After a 2015 mistrial, prosecutors are once again trying to persuade a Manhattan jury that former Dewey executive director Stephen DiCarmine and former firm CFO Joel Sanders fraudulently misled investors and lenders about Dewey’s finances before it was forced into bankruptcy five years ago.
Former Dewey finance director Francis Canellas—a cooperating witness in the case—has been a central figure in both trials. During redirect examination on Monday, Manhattan assistant district attorney Peirce Moser again showed jurors emails related to accounting adjustments between 2008 and 2012 that Canellas previously said were inappropriate. Those adjustments were intended to help the firm avoid defaulting on revolving loans worth about $100 million, according to Canellas.
Canellas earlier told jurors he had discussed those improper adjustments with Sanders and that the firm failed to disclose them to its potential investors and financial auditors. On Monday, Moser asked Canellas whether he knew those accounting adjustments were wrong at the time they were made.
“They were the wrong accounting treatment,” said Canellas. “I knew that then.”
Moser also referred back to Canellas’ testimony under cross-examination by DiCarmine’s lawyer, Rita Glavin of Seward & Kissel, during which he said he had never explicitly discussed accounting adjustments with DiCarmine. On Monday, Moser asked Canellas to explain why he never had those specific discussions with DiCarmine.
“Because I thought he knew,” Canellas responded.
Also on Monday, Glavin, joined by Sanders’ lead defense lawyer Andrew Frisch, filed a motion with Acting Manhattan Supreme Court Justice Robert Stolz to dismiss all charges against the defendants. They argued that prosecutors in the case had refrained from taking notes in more than 100 meetings with witnesses since 2014, including cooperators such as Canellas.
“The prosecution’s practice of ‘no notes’ in witness meetings since 2014 and its refusal—or perhaps more accurately, its inability—to provide the defense any information about these undocumented meetings runs roughshod over the defendants’ federal and state constitutional rights to due process, fundamental fairness and confrontation,” the brief stated.
The defense lawyers argued that even if Stolz doesn’t dismiss the indictments, he should at least require the prosecution to provide a list of meetings with witnesses and some basic information about them, such as who attended and how long they were.
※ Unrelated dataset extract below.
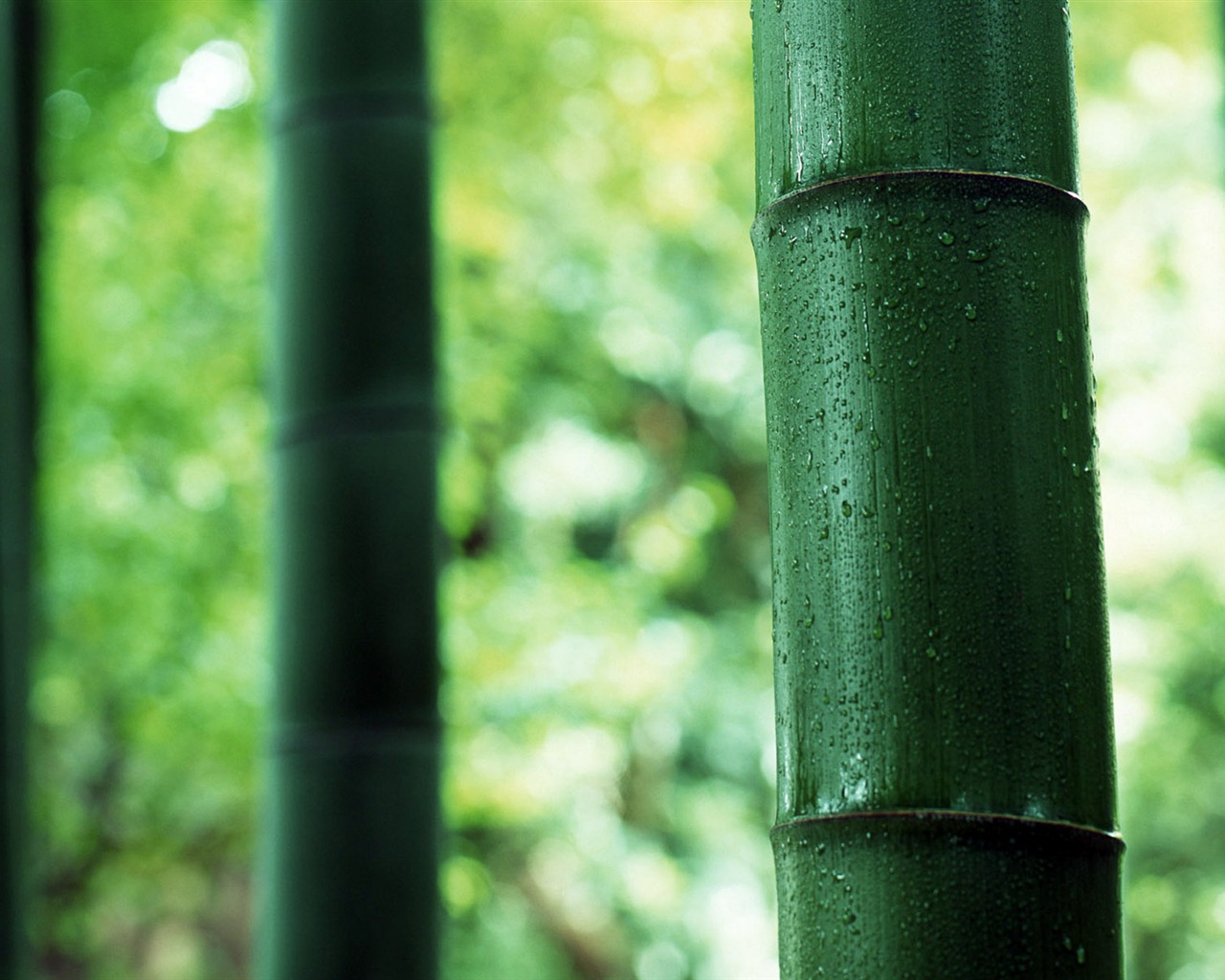 Verde álbumes fondo de pantalla de bambú #4 - 1280x1024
They also asked Stolz to issue an instruction to the jury indicating that, if prosecutors had taken notes and provided them to the defense, “it likely would have contained information favorable to the defense.”
Glavin had previously raised the issue of the prosecution’s purported “pens down, no notes” policy during Canellas’ March 16 testimony. On Monday, Stolz said he would reserve his decision on the motion, and Moser told the judge he hadn’t yet decided whether his office would respond in writing.
The initial trial in the case ended with a deadlocked jury. Since then, prosecutors have narrowed the case and agreed to a deferred prosecution agreement with former Dewey managing partner Steven Davis, who was a defendant along with Sanders and DiCarmine in the first trial. The remaining defendants face charges of scheme to defraud, securities fraud and conspiracy.